All told, SpaceX’s collaboration with NASA is a remarkable development in the public-private partnership that has captured the public’s imagination and refueled an interest in human space travel not seen since the early Space Shuttle missions. But the recent explosions in many ways highlight a cultural divide in an arena—space—that has traditionally been the domain of government agencies. Some experts suggest that the staid government approach may be outdated and in need of a more modern perspective.

[Related: Ralphie from ‘A Christmas Story’ could have been the first child in space.

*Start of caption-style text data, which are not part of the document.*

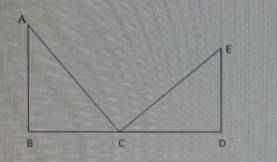 ABC и CED заданы треугольники, AB=8 BC=4 CD=4.5 найдите ED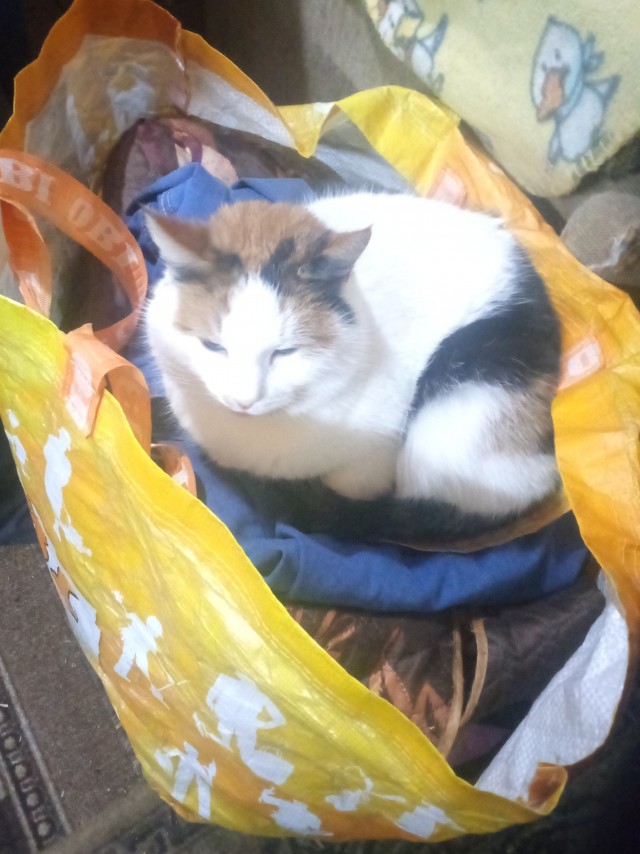 Что-то котовторник никто не начинает...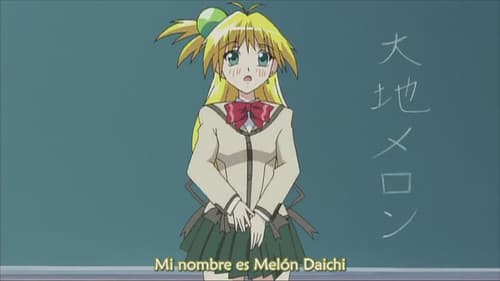 During studying time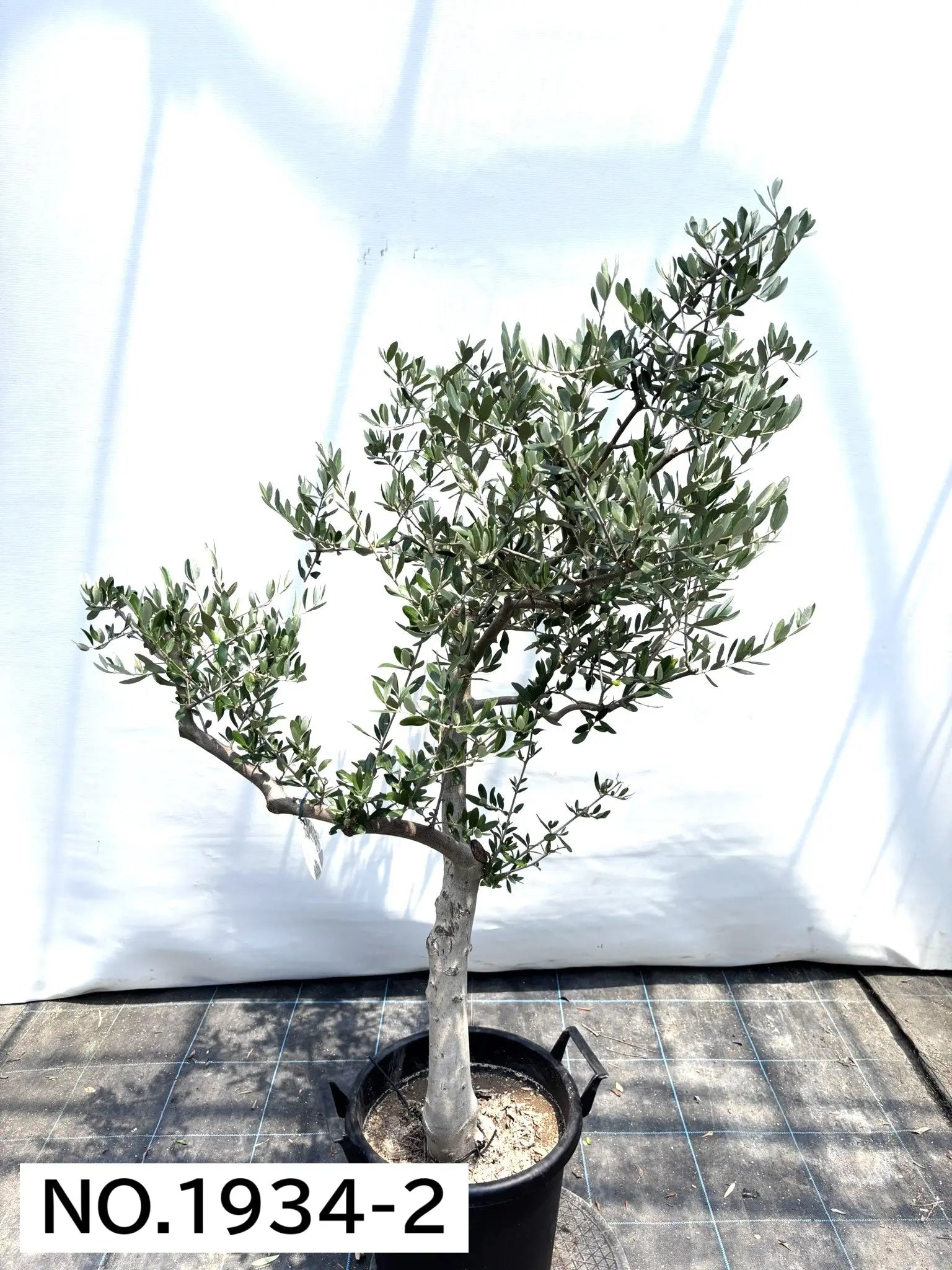 寒さに強い・開帳型】ヘレナ（オリーブの木）〈大型商品〉｜約150cm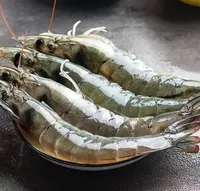 250g*3袋-顺/京冷链-盐冻基围虾【到26年1月3号】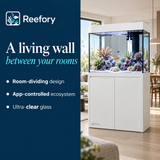 Partition Wall Aquarium - image 4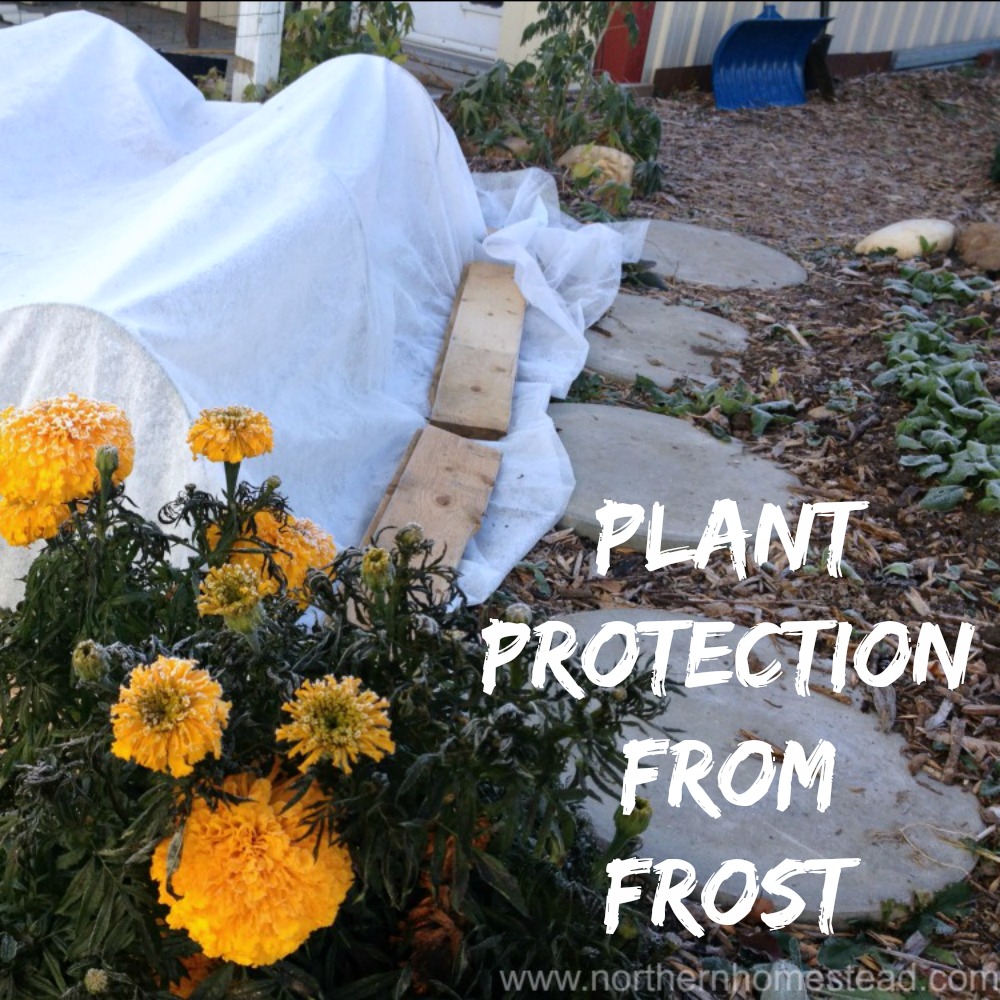 Plant protection from frost 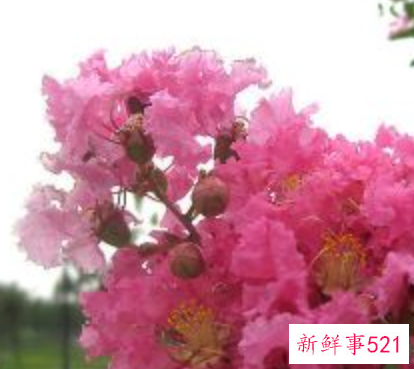 北方露台适合种什么树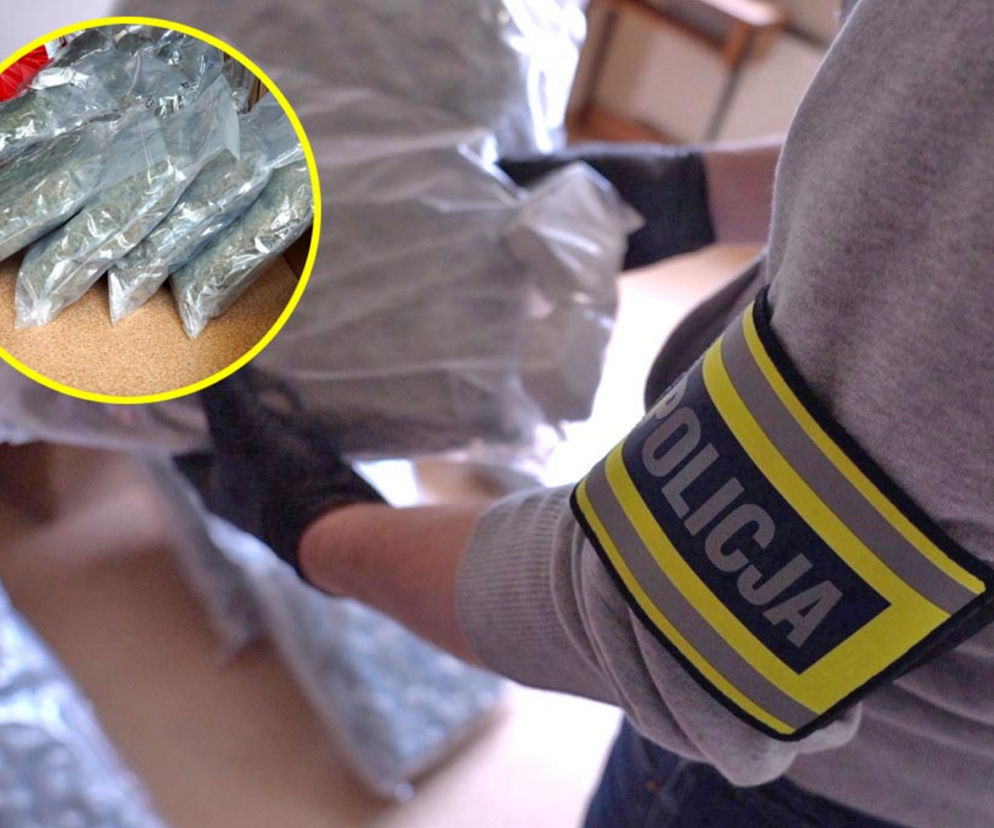 30 kilogramów narkotyków i trzech pseudokibiców w kajdankach. Spektakularna akcja policji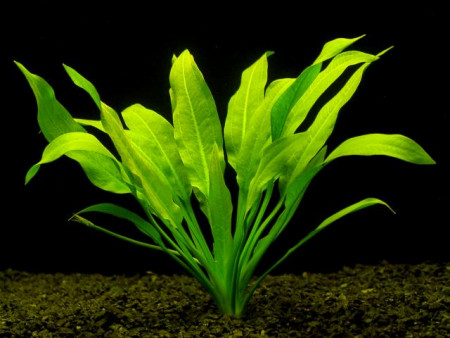 echinodorus amazonicus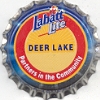 Deer Lake - 2-A-12NFP19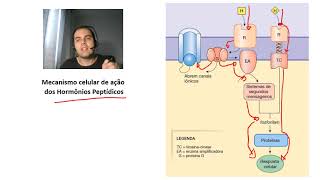 Histologia das Glândulas Endócrinas [upl. by Hatch]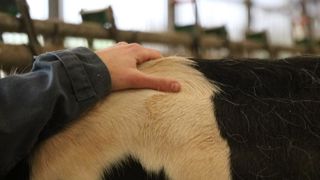 La reconnaissance de la sensibilité des animaux a changé notre rapport à eux. La reconnaissance de la sensibilité des animaux a changé notre rapport à eux.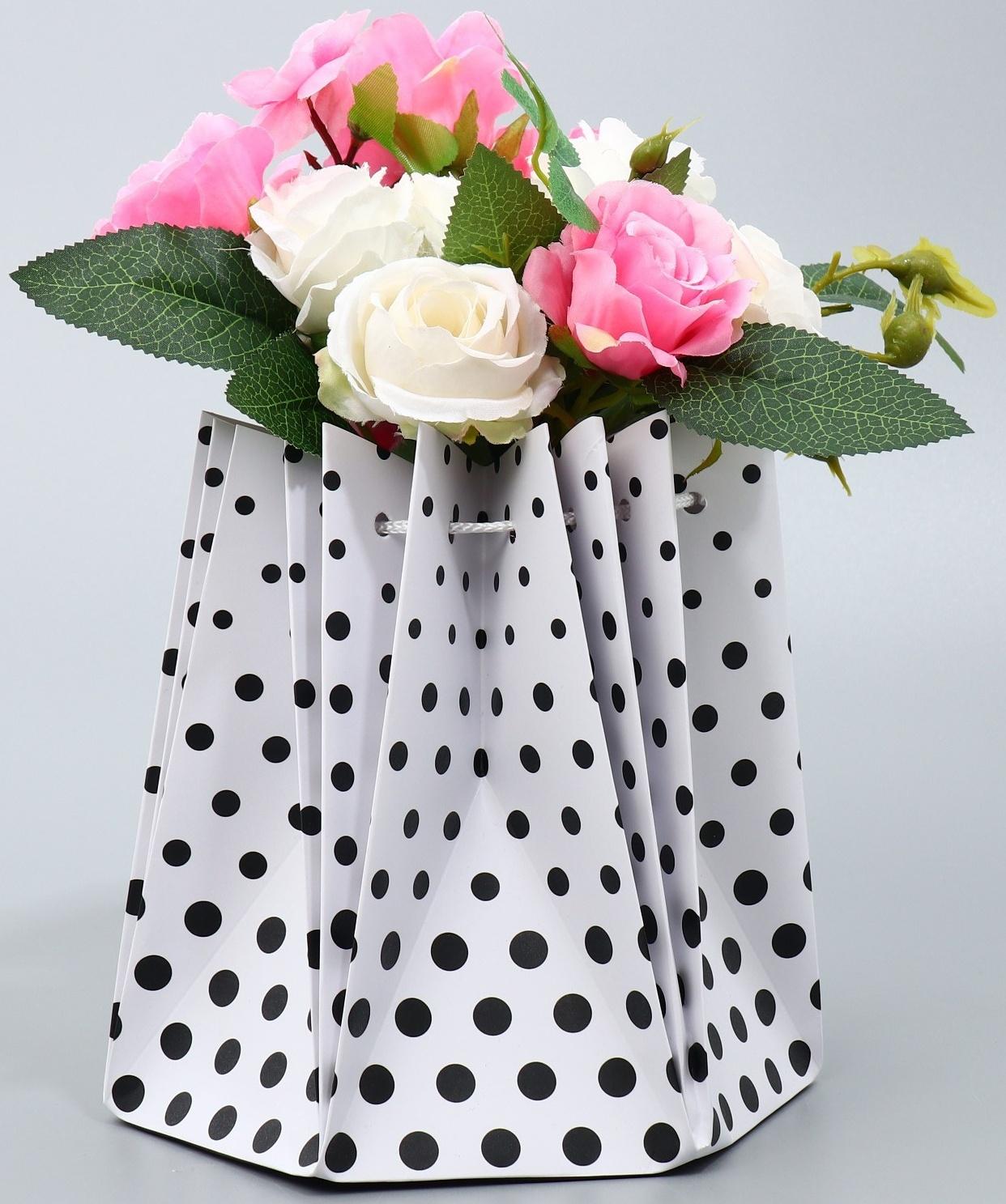 Аквабокс «Горох», 18 х 18 х 18 см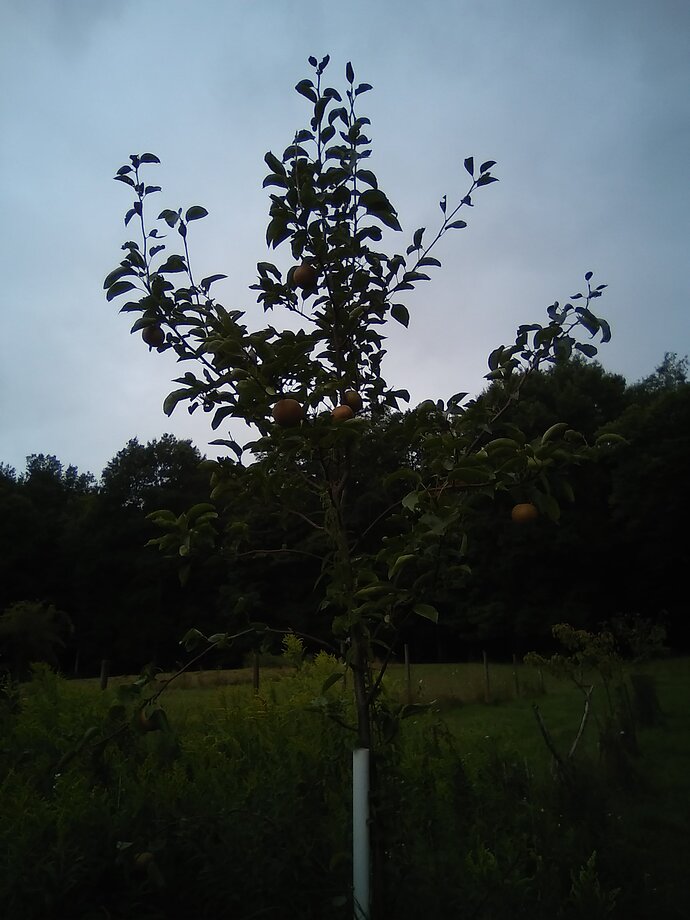 textPlus_725_2026_45235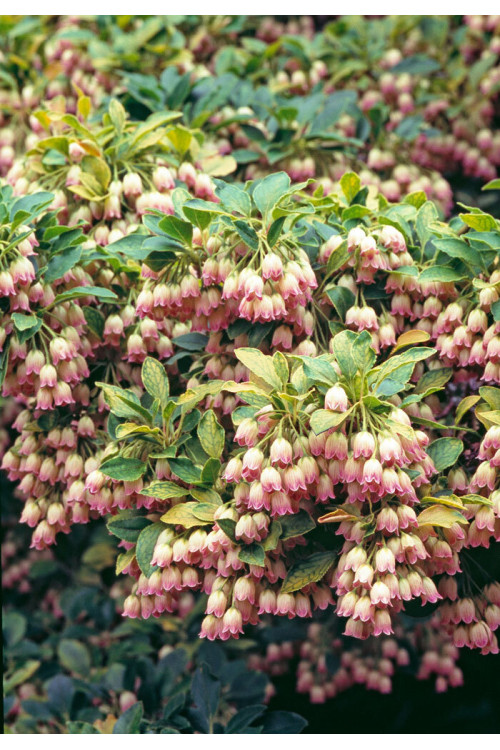 Enkiant dzwonkowaty | Enkianthus campanulatus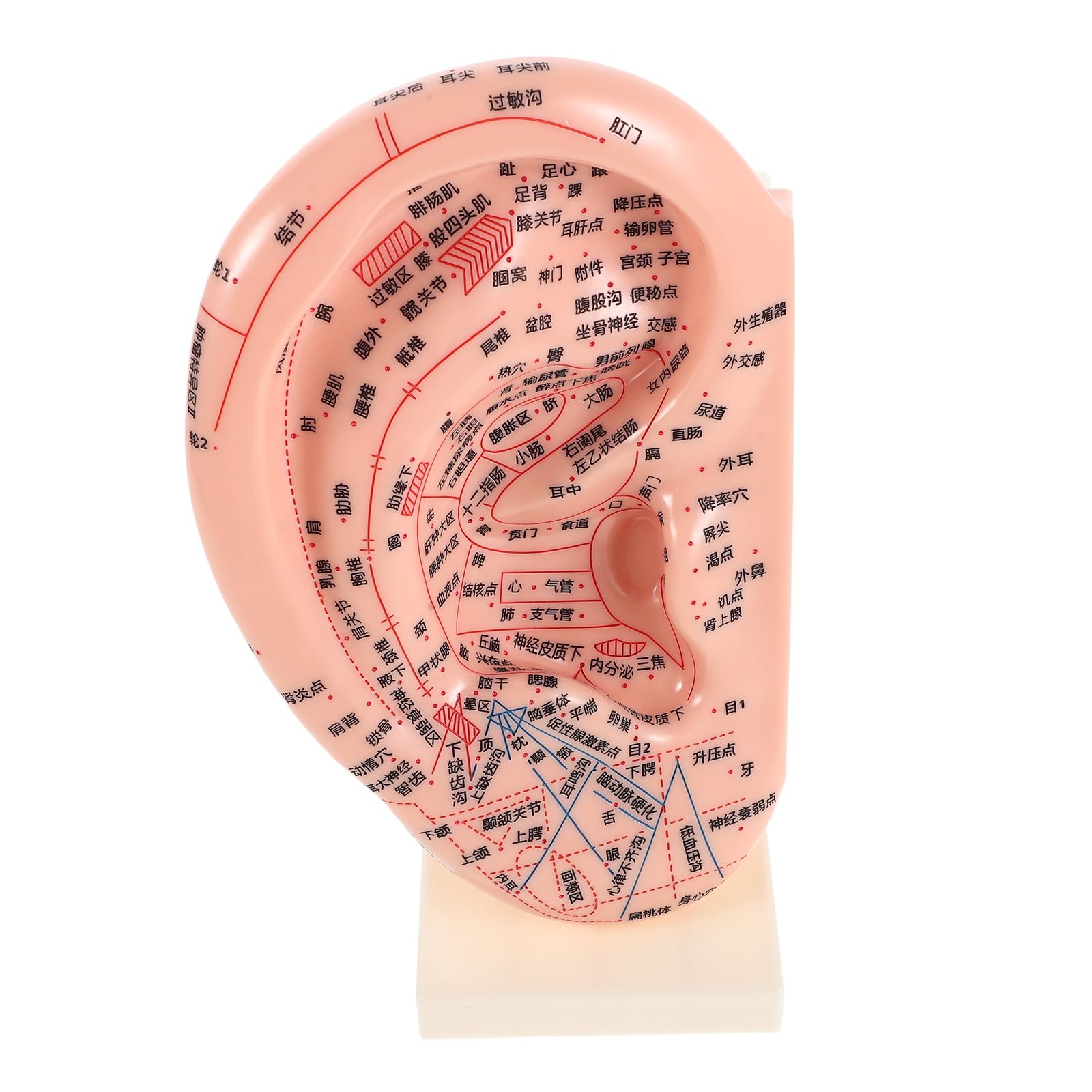 ibasenice Modelo de Aurícula para Acupuntura Soporte 23 Cm, Accesorio Educativo de Reflexología Auricular y Herramienta Práctica para Masaje y Enseñanza en Salones y Escuelas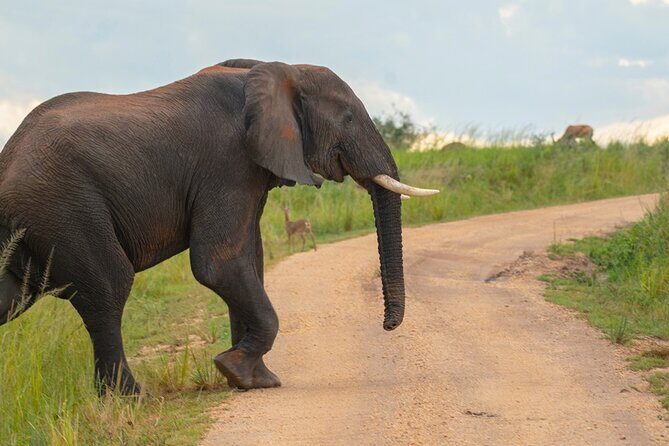 10 Days Private Uganda Safari with Pick-up - An In-Depth Look at the Itinerary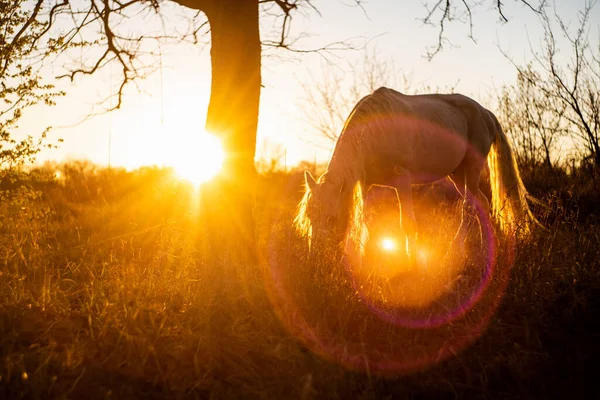 Weißes Pferd Weidet Gras Auf Einem Sonnenuntergang Hintergrund Auf Dem — Stockfoto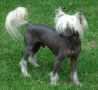 Oriental Jokes Ultra Flash Chinese Crested
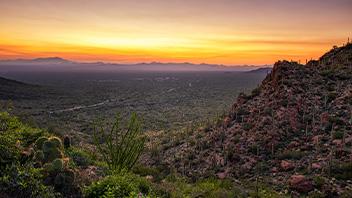 Wide Open Spaces with Plenty of Room to Roam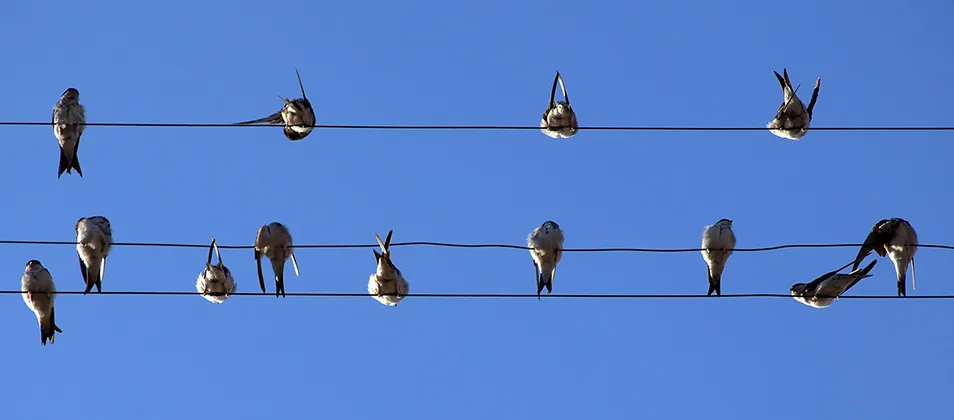 birds-954x420px Fåglar som sitter på kablar med blå bakgrund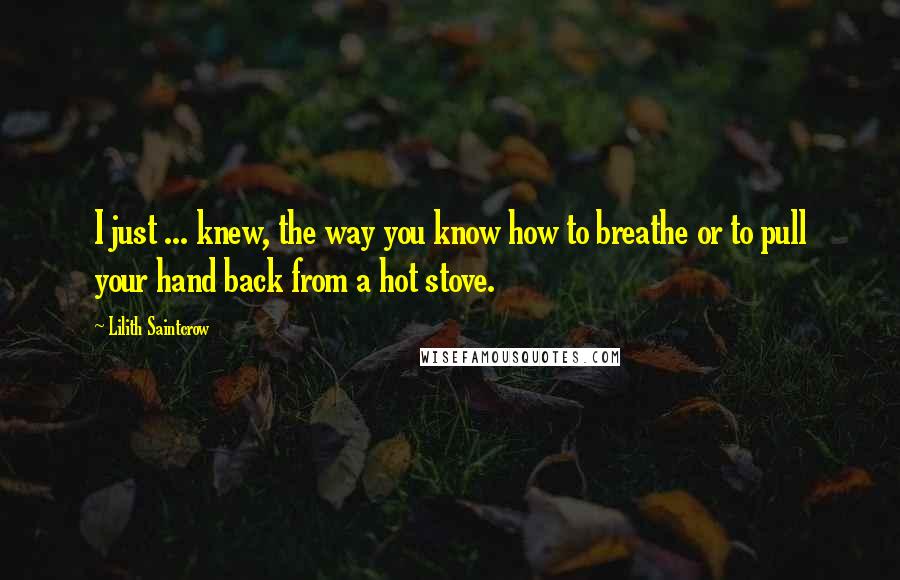 Lilith Saintcrow Quotes: I just ... knew, the way you know how to breathe or to pull your hand back from a hot stove.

Then disaster struck.]

“NASA tries to model everything to the nth degree whereas SpaceX works on the basis of ‘test it until it breaks,’” says Todd.

Todd said the SpaceX “test-to-destruction” approach has the advantage of getting a space launch system operational relatively quickly, “however, it may mean that launch failures happen more often—especially on early flights—when compared to using NASA’s more detailed modeling approach.”

He suggests that eventually these “teething problems” will eventually be ironed out, but the tension between the FAA and SpaceX will likely continue into the foreseeable future.